La lista para pensar otros relatos sobre el mundo es interminable: el transnacionalismo literario que practica la filósofa india Gayatri Spivak; el mural agrietado de las experiencias culturales en tránsito que rastrea Homi Bhaba; la “negritud” de Aimé Cesaire; el pensamiento-mundo que invoca el filósofo africano Achille Mbembe; el cosmopolitismo crítico de Arjun Appadurai, Dipesh Chakrabarty o Walter Mignolo; la mujer que no es «uno» de Luce Irigaray; ls cíborg o la testigo modesta de Donna Haraway; la nueva Medusa de Helene Cixous; la artivista de Chela Sandoval y Guisella de la Torre; la nueva mestiza de Gloria Anzaldúa; la indígena de Rita Segato; la sujeto nómada de Rosi Braidotti; las chicas malas de las Riot Grrrls; la punk women de las Pussy Riot; las extranjeros de sí mismas de Júlia Kristeva o la precaria de Judith Butler. Porque pensar a contrapelo, como diría Walter Benjamin, supone desplazar el sentido, remover las convicciones pensando desde otros tiempos, lugares y voces, muchas de ellas conocidas y otras tanta silenciadas, pero que, interpelando nuestra supremacía, reclaman su derecho a la palabra.
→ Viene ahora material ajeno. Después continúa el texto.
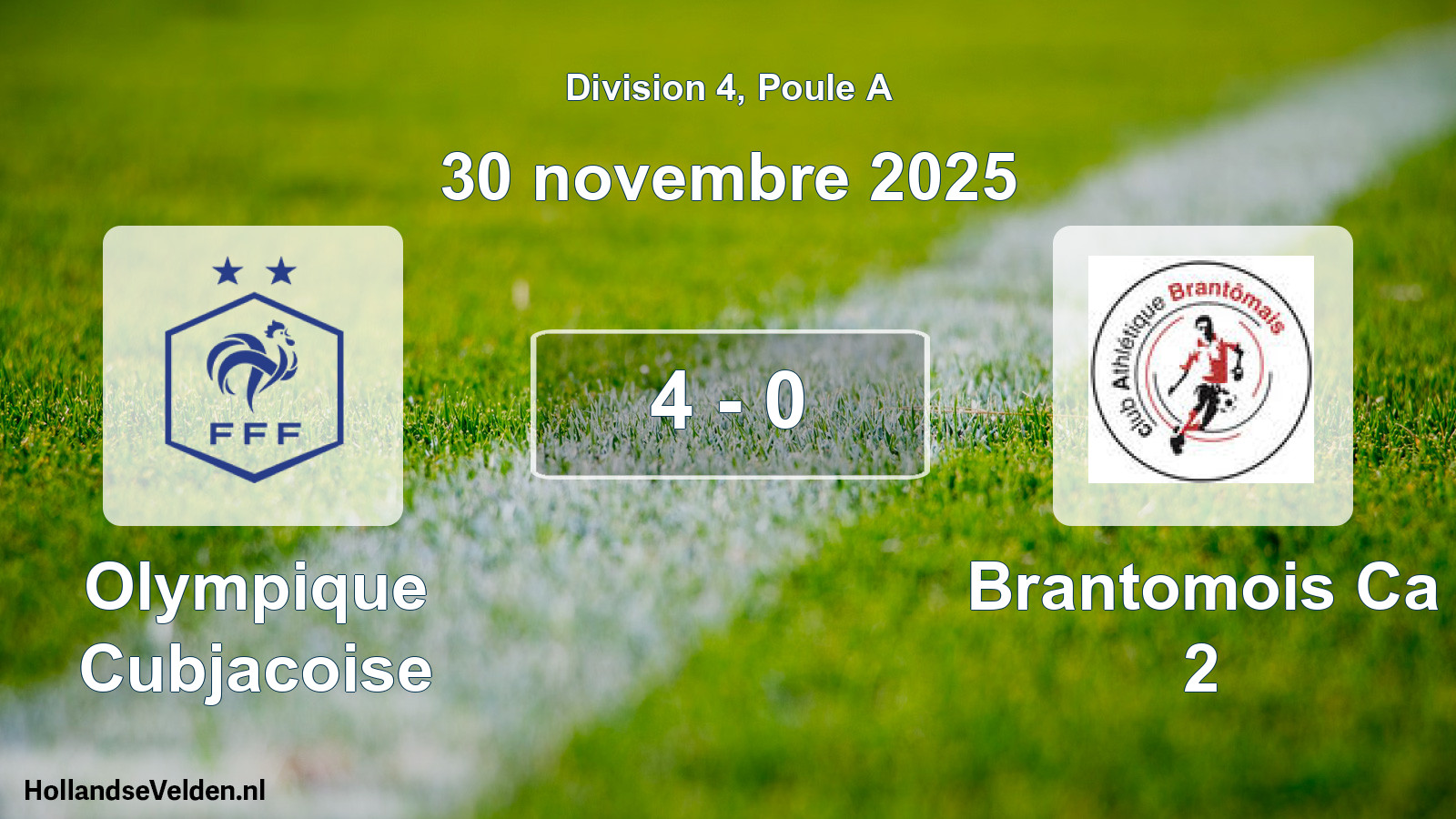 Match joué: Olympique Cubjacoise - Brantomois Ca 2 4 - 0 (30 novembre 2025)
Por tanto, parafraseando a Jacques Derrida y su Mal de archivo. Una impresión freudiana, la cuestión del archivo no es una cuestión de pasado sino asunto de futuro. Podríamos también referirnos a la colección de un museo. Construir una colección sería también una cuestión política para pensar el patrimonio como bien común. No es posible hablar de patrimonio sin entender que este se halla inmerso en una estructura de poder determinada, que puede ser causa de desigualdad y opresión de unos grupos sociales por parte otros.
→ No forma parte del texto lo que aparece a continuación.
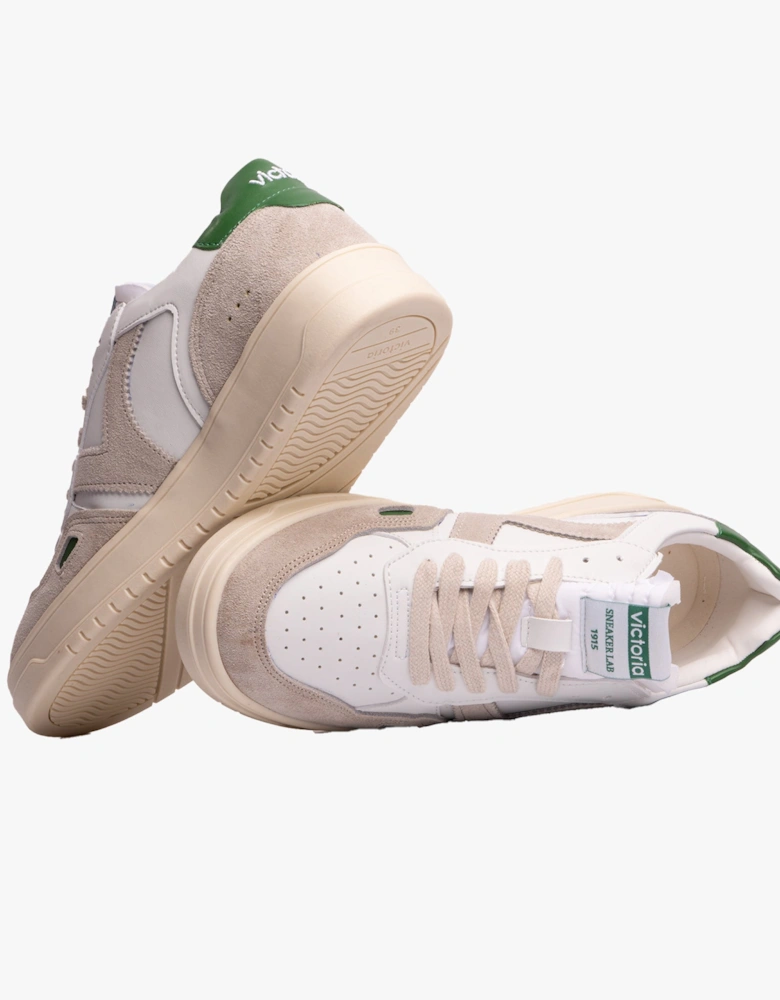 SEUL RETRO FAUX LEATHER & SPLIT Womens Trainers Verde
En una época como la actual, de enorme volatilidad y privatización del patrimonio público y del derecho a la información, es más necesario que nunca pensar el patrimonio como contenedor de la memoria colectiva, a la vez que situada, y preocuparnos de incluir los saberes y prácticas de las clases dominadas y de los grupos subalternos; reflexionar sobre cómo los archivos que alimentan el patrimonio, la experiencia y la identidad colectivas pueden ser construidos, gestionados, conservados y puestos a disposición de toda la ciudadanía, como ejercicio de cultura cívica y democrática, con independencia de criterios de adscripción nacional o de disponibilidad de recursos económicos para su consulta, uso o disfrute.